Dalam sambutannya, Joko Supratikto menyampaikan bahwa inflasi Sulawesi Utara pada Juli 2026 mencatatkan deflasi sebesar -1,05 persen (month to month/mtm), sementara inflasi tahun berjalan berada di angka 3,38 persen (year to date/ytd). Capaian tersebut menempatkan inflasi Sulawesi Utara kembali berada dalam kisaran target nasional sebesar 2,5 persen ±1 persen.
Meski demikian, Joko mengingatkan bahwa tekanan pada kelompok pangan bergejolak (volatile food) masih perlu diantisipasi. Tingginya ketergantungan Sulawesi Utara terhadap pasokan pangan dari luar daerah membuat harga sejumlah komoditas strategis, seperti cabai, bawang merah, dan berbagai komoditas hortikultura, rentan mengalami gejolak akibat gangguan produksi maupun distribusi.
Menurutnya, penguatan sinergi Tim Pengendalian Inflasi Daerah (TPID) melalui strategi 4K serta program Gerakan Pengendalian Inflasi dan Pangan Sejahtera (GPIPS) harus didukung oleh data pasokan yang akurat, tervalidasi, dan selalu diperbarui. Melalui penguatan Neraca Pangan Daerah, diharapkan tersedia basis data pangan yang terintegrasi sehingga kebijakan pemerintah dapat disusun secara lebih efektif dan tepat sasaran.
Pada sesi materi, Tri Aris Indrayanto memaparkan konsep penyusunan Proyeksi Neraca Pangan Wilayah Sulawesi Utara Tahun 2026, mulai dari mekanisme pelaporan, metode penghitungan hingga pemanfaatannya sebagai sistem peringatan dini (early warning system) untuk mendeteksi potensi surplus maupun kekurangan pasokan pangan. Neraca pangan juga dinilai penting dalam mengantisipasi gejolak harga dan menentukan langkah intervensi pemerintah secara lebih cepat dan tepat.

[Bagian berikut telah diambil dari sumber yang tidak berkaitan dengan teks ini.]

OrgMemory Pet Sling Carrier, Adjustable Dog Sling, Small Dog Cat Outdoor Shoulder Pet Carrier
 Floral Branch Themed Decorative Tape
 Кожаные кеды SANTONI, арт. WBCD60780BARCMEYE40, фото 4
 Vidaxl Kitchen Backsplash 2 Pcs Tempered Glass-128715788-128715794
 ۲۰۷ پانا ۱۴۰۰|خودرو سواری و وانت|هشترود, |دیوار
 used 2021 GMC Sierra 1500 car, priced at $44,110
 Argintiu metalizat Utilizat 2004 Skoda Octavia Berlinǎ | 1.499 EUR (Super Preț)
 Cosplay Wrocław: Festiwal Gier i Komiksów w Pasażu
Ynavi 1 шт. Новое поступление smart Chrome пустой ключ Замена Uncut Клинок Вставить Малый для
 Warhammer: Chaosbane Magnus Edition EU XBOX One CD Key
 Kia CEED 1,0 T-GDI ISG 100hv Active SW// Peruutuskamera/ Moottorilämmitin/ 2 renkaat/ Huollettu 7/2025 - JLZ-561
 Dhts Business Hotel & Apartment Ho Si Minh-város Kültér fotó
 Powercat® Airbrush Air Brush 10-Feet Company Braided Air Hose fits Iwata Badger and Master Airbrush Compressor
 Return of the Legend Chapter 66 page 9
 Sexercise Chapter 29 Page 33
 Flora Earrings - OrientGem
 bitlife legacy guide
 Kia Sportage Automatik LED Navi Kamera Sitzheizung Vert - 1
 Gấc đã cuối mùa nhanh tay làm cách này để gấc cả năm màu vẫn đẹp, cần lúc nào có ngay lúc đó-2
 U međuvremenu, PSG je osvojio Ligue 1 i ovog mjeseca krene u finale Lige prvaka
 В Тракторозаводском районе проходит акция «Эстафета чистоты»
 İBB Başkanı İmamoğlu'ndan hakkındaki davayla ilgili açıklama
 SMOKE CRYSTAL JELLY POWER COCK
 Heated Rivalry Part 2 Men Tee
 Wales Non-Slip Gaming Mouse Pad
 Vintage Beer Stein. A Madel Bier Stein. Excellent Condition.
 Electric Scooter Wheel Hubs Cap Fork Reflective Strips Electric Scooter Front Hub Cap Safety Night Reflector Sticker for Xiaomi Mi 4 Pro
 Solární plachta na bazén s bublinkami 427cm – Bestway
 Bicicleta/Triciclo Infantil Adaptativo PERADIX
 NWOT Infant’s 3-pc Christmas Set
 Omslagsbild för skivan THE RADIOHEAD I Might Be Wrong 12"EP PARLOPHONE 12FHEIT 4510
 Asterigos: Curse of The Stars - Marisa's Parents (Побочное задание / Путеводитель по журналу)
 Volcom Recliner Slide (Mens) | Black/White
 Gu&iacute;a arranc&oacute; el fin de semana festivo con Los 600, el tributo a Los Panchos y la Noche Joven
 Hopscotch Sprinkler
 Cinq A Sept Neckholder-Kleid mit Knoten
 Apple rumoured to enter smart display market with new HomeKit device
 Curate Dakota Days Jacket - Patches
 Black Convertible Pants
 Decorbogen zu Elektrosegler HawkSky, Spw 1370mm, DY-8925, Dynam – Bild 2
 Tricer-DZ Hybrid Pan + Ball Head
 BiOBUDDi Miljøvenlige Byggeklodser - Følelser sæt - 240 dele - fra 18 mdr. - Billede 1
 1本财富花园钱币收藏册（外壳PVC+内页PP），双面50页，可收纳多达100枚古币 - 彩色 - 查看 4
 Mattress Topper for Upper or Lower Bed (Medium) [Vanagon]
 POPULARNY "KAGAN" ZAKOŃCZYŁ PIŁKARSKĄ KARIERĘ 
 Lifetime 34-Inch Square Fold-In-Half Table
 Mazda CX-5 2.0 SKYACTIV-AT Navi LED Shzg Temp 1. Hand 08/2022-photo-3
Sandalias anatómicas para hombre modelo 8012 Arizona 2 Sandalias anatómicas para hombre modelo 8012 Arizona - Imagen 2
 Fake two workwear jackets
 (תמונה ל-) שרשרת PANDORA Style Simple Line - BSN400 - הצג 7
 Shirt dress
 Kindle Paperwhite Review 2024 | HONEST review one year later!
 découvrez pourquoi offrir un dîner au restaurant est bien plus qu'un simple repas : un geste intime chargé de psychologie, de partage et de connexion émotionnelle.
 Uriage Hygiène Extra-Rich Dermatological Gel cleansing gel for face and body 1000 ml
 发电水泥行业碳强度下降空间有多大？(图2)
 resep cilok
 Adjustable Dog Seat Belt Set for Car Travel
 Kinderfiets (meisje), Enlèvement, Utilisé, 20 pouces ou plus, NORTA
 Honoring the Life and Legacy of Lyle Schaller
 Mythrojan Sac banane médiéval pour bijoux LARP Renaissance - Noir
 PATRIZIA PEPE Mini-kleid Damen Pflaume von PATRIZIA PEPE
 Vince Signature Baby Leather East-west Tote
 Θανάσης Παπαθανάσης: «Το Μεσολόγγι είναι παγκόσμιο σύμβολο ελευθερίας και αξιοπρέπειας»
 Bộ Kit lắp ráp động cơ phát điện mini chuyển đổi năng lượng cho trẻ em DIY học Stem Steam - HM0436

Ia mengungkapkan, berdasarkan evaluasi tahun 2026, Pemerintah Provinsi Sulawesi Utara bersama 14 dari 15 pemerintah kabupaten/kota telah menyusun Proyeksi Neraca Pangan. Namun demikian, pembaruan data secara rutin setiap bulan serta penguatan koordinasi lintas perangkat daerah masih perlu terus ditingkatkan. Selain itu, diperkenalkan pula Sistem Informasi Ketersediaan Pangan (SIKAP) sebagai sarana pelaporan dan pemantauan stok pangan untuk mendukung tersedianya informasi yang akurat, terpadu, dan berkelanjutan.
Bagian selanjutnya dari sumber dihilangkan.